Les vrais jacobins ne sont pas concernés!

Emmanuel Macron : « Nous avons un avantage : notre jacobinisme »

Comme il en a l’habitude, le président de la République Emmanuel Macron a fait aujourd’hui un long discours pour présenter sa vision de la santé et proposer son plan. Au milieu de son discours, un aveu : la chance que constituerait le jacobinisme.

Avouons-le d’emblée : quand on traite d’un sujet, particulièrement un sujet aussi important que la santé, l’important n’est pas forcément la petite phrase. Toutefois, celle-ci intéresse au plus haut point notre magazine car elle remet en question toute la communication du résident de la République depuis le début de son mandat. En effet, lui qui se présente comme un « girondin » semble ne plus en être très sûr !

Au sujet de la santé, le Président l’affirme : « Nous avons un avantage : notre jacobinisme ».

Il continue en expliquant que « la concentration dans les mêmes structures de toutes les informations de santé dans un cadre régulé, protecteur des intérêts individuels, est une chance incomparable. Seuls les Chinois qui sont moins respectueux des libertés individuelles ont une telle organisation centralisée. Quasiment aucun autre pays n’a cette capacité de croiser les données de santé des concitoyens à des fins thérapeutiques et dans un cadre totalement surveillé.
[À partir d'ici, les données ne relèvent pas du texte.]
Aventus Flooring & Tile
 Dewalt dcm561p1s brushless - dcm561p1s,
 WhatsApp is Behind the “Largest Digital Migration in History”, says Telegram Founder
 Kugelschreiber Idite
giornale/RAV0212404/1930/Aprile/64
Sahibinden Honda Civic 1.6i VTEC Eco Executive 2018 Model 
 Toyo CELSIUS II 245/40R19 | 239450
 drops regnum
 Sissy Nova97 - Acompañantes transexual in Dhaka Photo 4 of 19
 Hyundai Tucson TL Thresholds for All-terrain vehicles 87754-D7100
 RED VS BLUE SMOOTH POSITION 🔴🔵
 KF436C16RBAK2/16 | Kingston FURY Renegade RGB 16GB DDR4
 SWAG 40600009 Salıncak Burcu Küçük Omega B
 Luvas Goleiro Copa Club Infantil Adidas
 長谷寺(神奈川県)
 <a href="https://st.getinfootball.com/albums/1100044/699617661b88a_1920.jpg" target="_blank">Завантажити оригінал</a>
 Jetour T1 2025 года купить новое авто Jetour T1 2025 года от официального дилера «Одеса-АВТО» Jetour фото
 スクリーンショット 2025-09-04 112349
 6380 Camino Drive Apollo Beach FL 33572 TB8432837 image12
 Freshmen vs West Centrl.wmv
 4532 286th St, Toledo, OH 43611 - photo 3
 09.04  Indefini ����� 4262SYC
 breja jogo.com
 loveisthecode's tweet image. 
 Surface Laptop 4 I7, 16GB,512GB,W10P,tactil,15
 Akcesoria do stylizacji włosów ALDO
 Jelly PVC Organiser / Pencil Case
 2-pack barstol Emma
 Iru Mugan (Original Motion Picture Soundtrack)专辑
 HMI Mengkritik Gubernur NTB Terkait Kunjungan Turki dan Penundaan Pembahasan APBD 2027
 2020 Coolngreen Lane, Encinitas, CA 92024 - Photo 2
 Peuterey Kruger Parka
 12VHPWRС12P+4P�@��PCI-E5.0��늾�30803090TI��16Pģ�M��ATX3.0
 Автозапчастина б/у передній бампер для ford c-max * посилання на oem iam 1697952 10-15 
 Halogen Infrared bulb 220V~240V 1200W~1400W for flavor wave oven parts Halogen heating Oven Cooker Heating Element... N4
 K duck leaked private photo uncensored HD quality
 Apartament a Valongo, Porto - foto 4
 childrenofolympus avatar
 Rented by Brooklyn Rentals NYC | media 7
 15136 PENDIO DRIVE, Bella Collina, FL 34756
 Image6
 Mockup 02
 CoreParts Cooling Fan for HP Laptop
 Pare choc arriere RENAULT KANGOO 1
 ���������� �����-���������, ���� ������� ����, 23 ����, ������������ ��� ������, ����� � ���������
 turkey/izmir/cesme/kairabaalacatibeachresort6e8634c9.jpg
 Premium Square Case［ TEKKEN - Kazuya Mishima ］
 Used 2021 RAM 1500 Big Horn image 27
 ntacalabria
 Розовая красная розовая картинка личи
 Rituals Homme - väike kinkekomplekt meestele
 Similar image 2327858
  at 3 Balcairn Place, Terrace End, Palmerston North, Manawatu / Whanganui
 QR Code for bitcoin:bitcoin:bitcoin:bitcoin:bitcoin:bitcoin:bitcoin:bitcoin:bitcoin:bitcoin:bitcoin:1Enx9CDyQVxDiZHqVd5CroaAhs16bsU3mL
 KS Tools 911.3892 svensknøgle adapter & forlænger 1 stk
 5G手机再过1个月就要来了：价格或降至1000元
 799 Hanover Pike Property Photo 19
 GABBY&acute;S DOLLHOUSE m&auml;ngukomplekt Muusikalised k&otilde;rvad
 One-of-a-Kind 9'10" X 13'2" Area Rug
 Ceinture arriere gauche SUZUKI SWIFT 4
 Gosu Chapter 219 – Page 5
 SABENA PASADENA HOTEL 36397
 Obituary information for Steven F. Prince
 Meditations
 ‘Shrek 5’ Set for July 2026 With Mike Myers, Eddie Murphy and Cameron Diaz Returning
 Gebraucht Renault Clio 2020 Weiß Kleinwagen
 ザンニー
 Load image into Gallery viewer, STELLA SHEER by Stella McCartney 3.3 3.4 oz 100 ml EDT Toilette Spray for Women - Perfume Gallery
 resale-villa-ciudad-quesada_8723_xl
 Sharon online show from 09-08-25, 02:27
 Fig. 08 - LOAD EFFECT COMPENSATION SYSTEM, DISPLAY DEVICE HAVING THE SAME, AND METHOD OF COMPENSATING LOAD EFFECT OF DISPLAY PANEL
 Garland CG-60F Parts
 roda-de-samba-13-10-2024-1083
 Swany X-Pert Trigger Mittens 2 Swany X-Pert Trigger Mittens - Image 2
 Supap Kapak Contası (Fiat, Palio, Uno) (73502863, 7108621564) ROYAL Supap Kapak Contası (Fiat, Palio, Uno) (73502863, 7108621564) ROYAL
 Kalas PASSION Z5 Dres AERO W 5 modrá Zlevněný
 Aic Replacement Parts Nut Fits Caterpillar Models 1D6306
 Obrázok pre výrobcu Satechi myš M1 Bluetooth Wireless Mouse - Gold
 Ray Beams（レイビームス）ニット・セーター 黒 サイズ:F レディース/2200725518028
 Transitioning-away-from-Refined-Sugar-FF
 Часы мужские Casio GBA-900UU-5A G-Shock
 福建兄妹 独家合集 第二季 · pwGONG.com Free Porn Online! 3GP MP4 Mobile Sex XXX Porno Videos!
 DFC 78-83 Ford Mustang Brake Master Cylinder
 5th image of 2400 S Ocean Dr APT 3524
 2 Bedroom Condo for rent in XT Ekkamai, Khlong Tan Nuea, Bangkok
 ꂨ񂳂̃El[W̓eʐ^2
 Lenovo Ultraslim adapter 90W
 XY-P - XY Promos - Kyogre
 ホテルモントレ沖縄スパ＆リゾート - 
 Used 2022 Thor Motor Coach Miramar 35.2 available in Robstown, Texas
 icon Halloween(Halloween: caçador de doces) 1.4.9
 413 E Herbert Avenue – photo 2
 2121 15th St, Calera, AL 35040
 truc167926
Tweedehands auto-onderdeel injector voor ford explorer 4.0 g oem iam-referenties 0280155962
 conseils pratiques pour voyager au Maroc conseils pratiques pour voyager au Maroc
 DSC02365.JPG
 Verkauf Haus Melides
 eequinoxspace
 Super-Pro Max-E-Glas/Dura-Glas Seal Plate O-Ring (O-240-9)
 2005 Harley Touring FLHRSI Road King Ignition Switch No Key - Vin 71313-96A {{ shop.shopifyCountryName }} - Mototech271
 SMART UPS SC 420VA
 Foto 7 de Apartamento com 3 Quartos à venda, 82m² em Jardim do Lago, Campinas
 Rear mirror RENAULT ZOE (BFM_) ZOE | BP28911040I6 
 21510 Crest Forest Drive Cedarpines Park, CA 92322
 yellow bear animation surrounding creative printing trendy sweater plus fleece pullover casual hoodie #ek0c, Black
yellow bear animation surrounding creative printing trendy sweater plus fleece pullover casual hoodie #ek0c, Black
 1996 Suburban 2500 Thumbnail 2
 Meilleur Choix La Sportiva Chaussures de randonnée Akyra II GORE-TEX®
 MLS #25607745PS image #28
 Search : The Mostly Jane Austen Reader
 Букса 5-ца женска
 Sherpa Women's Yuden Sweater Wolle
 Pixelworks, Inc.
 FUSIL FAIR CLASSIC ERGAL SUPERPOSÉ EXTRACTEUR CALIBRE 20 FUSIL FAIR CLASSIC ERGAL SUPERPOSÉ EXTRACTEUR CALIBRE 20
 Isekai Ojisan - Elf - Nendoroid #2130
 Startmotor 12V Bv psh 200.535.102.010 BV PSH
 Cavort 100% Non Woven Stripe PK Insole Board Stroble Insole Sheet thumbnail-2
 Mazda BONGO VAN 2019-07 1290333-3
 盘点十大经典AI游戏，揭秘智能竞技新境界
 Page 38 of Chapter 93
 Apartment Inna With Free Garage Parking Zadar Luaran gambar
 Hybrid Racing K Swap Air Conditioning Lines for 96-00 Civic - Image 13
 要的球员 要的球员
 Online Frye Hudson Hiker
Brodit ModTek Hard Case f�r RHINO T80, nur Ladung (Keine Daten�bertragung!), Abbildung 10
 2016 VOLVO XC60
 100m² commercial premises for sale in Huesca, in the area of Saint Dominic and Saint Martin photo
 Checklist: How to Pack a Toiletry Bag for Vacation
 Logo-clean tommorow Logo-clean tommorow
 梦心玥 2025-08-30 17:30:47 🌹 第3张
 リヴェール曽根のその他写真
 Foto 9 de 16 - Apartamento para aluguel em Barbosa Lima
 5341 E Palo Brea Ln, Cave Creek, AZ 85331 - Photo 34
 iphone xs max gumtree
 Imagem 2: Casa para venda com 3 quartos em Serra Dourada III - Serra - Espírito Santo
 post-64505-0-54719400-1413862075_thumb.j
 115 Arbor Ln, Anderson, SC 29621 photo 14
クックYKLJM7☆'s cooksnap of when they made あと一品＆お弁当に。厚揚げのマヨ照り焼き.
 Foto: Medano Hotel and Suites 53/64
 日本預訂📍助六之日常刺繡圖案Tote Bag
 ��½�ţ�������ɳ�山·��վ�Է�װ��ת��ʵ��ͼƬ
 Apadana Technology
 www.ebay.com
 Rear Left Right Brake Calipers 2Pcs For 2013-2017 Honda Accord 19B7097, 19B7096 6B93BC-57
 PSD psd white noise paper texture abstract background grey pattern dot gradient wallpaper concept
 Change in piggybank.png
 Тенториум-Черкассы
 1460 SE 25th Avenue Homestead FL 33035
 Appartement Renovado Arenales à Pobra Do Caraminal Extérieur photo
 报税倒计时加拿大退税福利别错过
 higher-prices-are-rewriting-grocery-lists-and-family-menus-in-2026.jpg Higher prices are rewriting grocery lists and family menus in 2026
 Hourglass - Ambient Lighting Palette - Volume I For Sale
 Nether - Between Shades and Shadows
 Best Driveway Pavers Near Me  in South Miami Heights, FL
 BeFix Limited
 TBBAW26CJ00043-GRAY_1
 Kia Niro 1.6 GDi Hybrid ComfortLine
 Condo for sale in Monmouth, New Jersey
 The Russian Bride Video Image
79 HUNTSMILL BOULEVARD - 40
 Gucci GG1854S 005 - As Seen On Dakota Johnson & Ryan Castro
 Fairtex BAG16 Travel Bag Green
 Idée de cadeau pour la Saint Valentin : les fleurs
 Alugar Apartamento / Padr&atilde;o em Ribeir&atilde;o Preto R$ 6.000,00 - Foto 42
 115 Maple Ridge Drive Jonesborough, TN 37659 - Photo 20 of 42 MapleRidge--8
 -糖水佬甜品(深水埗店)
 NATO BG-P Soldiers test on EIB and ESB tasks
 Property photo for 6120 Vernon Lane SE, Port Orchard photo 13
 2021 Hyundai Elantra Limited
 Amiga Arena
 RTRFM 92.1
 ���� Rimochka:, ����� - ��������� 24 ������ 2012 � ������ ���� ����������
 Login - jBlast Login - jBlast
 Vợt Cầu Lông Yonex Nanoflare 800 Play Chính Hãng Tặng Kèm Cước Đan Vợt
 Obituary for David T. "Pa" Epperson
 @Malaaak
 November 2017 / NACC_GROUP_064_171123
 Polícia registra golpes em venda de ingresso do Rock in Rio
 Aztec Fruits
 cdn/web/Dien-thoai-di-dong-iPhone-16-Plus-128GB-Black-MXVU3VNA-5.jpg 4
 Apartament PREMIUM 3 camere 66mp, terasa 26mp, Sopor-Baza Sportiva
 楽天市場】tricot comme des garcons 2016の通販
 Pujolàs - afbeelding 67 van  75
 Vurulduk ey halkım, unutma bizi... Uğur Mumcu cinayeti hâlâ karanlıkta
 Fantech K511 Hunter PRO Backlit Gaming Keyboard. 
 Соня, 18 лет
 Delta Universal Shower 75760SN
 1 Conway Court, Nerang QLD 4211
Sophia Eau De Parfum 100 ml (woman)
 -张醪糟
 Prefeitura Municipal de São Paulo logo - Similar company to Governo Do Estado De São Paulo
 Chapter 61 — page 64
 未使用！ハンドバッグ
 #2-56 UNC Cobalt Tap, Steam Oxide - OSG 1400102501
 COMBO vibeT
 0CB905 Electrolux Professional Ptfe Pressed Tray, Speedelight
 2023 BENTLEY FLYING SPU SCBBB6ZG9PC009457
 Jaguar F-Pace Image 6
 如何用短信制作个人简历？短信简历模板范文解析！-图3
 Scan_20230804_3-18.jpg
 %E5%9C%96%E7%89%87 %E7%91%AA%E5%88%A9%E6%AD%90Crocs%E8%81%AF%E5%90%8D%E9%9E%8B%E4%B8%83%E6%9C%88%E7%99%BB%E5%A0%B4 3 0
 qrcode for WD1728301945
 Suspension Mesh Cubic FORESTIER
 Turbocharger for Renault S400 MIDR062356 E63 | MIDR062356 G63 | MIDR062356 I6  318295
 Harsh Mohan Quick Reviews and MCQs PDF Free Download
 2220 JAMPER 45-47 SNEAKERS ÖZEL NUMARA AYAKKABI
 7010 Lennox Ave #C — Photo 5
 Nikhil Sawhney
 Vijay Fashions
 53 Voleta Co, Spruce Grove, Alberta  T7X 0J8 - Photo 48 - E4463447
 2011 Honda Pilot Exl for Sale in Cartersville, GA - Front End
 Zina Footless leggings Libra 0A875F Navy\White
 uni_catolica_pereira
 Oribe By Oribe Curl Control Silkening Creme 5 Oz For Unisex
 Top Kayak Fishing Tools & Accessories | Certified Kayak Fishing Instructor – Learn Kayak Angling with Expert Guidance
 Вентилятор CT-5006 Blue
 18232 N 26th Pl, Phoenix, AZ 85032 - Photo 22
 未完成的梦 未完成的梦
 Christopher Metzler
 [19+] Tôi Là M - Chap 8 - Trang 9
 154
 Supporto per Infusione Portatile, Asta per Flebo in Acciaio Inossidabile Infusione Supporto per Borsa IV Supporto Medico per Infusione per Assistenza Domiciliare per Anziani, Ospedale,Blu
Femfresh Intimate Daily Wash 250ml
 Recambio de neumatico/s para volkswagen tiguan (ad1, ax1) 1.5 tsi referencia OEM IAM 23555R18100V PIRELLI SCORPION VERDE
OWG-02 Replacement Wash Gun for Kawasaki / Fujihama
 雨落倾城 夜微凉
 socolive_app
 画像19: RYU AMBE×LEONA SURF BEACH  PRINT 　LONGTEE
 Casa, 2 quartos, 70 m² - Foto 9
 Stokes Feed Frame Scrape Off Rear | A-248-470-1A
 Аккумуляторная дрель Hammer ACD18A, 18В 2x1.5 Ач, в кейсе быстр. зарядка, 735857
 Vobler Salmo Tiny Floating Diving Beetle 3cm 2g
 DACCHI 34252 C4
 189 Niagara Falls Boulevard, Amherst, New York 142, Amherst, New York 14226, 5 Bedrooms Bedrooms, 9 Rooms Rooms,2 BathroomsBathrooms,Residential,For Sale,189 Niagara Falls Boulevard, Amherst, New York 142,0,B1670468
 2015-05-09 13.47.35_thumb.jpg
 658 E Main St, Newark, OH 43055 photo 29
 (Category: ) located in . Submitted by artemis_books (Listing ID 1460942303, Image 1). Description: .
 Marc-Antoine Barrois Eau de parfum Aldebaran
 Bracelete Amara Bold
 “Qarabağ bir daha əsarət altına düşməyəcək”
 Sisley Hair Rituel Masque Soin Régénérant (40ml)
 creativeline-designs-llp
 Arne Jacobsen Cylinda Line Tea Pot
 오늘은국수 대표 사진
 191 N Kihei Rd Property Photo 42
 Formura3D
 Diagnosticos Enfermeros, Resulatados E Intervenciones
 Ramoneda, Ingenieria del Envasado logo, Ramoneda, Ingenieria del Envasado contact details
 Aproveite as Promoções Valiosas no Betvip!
C’est inédit ».

Ce morceau choisi a été exprimé juste après un propos sur l’intelligence artificielle dont on connaît les enjeux en matière de libertés individuelles justement. Les promoteurs du logiciel libre fustigent en effet la concentration des données et l’usage dangereux que cela peut constituer.

En évoquant les Chinois, Emmanuel Macron sait pertinemment les dangers de la concentration de l’information et cherche à éviter les critiques. Mais comment garantir l’irréprochabilité de l’État français ?

Il ne suffit pas de déclarer que la France respecte les droits individuels pour que cela soit vrai !

Les exemples pullulent tous les jours. Dans sa communication de politique générale du 16 septembre, l’UDB s’inquiétait que « le principe de solidarité qui existait jusqu’à présent semble se transformer : on passe progressivement d’un système bismarckien (système assurantiel et cotisation des salariés eux-mêmes) à un système où l’État reprend la main sur tout. On exclut de fait le système de représentation des corps intermédiaires.

Le rêve des hauts-fonctionnaires semble se réaliser ».

Ce morceau de discours le confirme et permet de trancher un débat qui a pu faire illusion en Bretagne sur l’intérêt qu’Emmanuel Macron peut porter aux territoires. Quand on estime que le jacobinisme est une chance, c’est qu’on se moque éperdument de la géographie. Nous le savions déjà, ce discours sur la santé nous le confirme.